14.2 Hurst and Rescaled Range Analysis

Hurst ($ 1900$-$ 1978$) was an English hydrologist, who worked in the early $ 20$th century on the Nile River Dam project. When designing a dam, the yearly changes in water level are of particular concern in order to adapt the dam's storage capacity according to the natural environment. Studying an Egyptian $ 847$-year record of the Nile River's overflows, Hurst observed that flood occurrences could be characterized as persistent, i.e.  heavier floods were accompanied by above average flood occurrences, while below average occurrences were followed by minor floods.
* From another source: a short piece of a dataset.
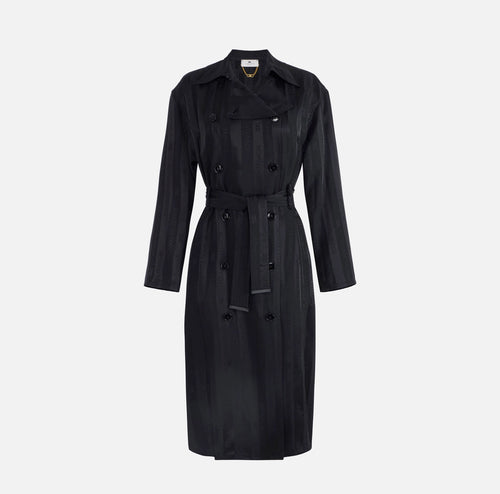 ELS-SP00261 BLACK LOGO COAT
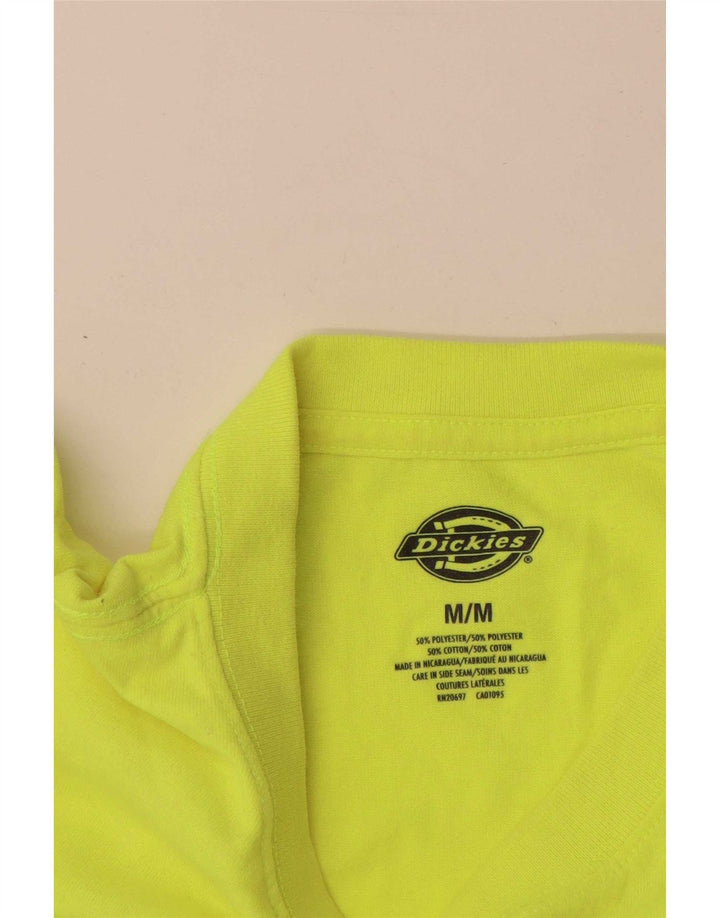Męski top Dickies z długim rękawem, średni zielony poliester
In the process of this findings he developed the Rescaled Range (R/S) Analysis.

We observe a stochastic process $ Y_t$ at time points $ t\in{\cal I}=\{0,\ldots,N\}$. Let $ n$ be an integer that is small relative to $ N$, and let $ A$ denote the integer part of $ N/n$. Divide the `interval' $ {\cal I}$ into $ A$ consecutive `subintervals', each of length $ n$ and with overlapping endpoints. In every subinterval correct the original datum $ Y_t$ for location, using the mean slope of the process in the subinterval, obtaining $ Y_t-(t/n)\,(Y_{an}-Y_{(a-1)n})$ for all $ t$ with $ (a-1)n \leq t \leq an$ and for all $ a = 1, \ldots , A$. Over the $ a$'th subinterval $ {\cal I}_a=\{(a-1)n,(a-1)n+1,\ldots,an\}$, for $ 1\leq a\leq A$, construct the smallest box (with sides parallel to the coordinate axes) such that the box contains all the fluctuations of $ Y_t-(t/n)\,(Y_{an}-Y_{(a-1)n})$ that occur within $ {\cal I}_a$. Then, the height of the box equals

$\displaystyle R_a$ $\displaystyle =$ $\displaystyle \max_{(a-1)n\leq t\leq an}
\left\{Y_{t}-\frac{t}{n}(Y_{an}-Y_{(a-1)n})\right\}$  
  $\displaystyle -$ $\displaystyle \min_{(a-1)n\leq t\leq an}
\left\{Y_{t}-\frac{t}{n}(Y_{an}-Y_{(a-1)n})\right\}$  

Figure 14.1 illustrates the procedure.

Figure 14.1: The construction of the boxes in the R/S analysis.
\includegraphics[width=1.2\defpicwidth]{RSplot.ps}

Let $ S_a$ denote the empirical standard error of the $ n$ variables $ Y_t-Y_{t-1}$, for $ (a-1)n+1\leq t\leq an$. If the process $ Y$ is stationary then $ S_a$ varies little with $ a$; in other cases, dividing $ R_a$ by $ S_a$ corrects for the main effects of scale inhomogeneity in both spatial and temporal domains.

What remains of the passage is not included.